Romesh Thappar v State of Madras
Restrictions on speech are valid under Article 19(2) only if aimed at undermining the security of the State, not the wider notion of public order or public safety.
Facts
The Government of Madras, acting under the Madras Maintenance of Public Order Act, banned the entry and circulation in the State of the English weekly 'Crossroads', published from Bombay, ostensibly to secure public safety and maintain public order. Romesh Thappar, the editor and publisher, challenged the ban as a violation of his freedom of speech and expression. He moved the Supreme Court directly under Article 32.
Issues
- Whether a law authorising restrictions on speech for 'public safety' and 'maintenance of public order' fell within the original Article 19(2), which permitted restrictions only against matters undermining the security of, or tending to overthrow, the State.

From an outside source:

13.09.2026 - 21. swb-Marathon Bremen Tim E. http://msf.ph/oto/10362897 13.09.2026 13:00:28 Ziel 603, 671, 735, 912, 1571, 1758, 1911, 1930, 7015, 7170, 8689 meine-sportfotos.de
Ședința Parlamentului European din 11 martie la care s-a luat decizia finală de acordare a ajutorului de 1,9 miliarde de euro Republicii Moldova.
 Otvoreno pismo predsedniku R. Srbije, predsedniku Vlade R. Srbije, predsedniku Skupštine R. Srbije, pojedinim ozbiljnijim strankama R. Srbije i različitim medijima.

- Whether the freedom of speech and expression includes the freedom of circulation and the freedom of the press.
Arguments
The State argued that maintaining public order and public safety justified the ban as falling within the protection of Article 19(2). Thappar argued that 'public safety' and 'public order' were far wider than 'security of the State', so a law sweeping in lesser matters could not be saved by the narrow original clause (2).
Held
The Court struck down the impugned provision. It held that 'public safety' and 'public order' had a much wider connotation than 'security of the State', covering trivial breaches of peace not amounting to threats to State security. Since the law was not directed solely against the undermining of State security but could restrict speech for ordinary public-order purposes, it fell outside the original Article 19(2) and was void. The Court noted that the framers had deliberately excluded 'sedition' from clause (2), signalling a narrow sphere of permissible restriction.
Ratio decidendi
Unless a law restricting freedom of speech is directed solely against the undermining of the security of the State or its overthrow, it cannot be saved by the (original) reservation in Article 19(2), even if conceived in the interests of public order. Freedom of speech includes the freedom of circulation.
Significance
A foundational free-speech decision and, with Brij Bhushan v State of Delhi, the trigger for the Constitution (First Amendment) Act 1951, which inserted 'public order' and 'reasonable' into Article 19(2). It remains the source of the principle that speech-restrictions must be construed narrowly and that circulation is part of the right.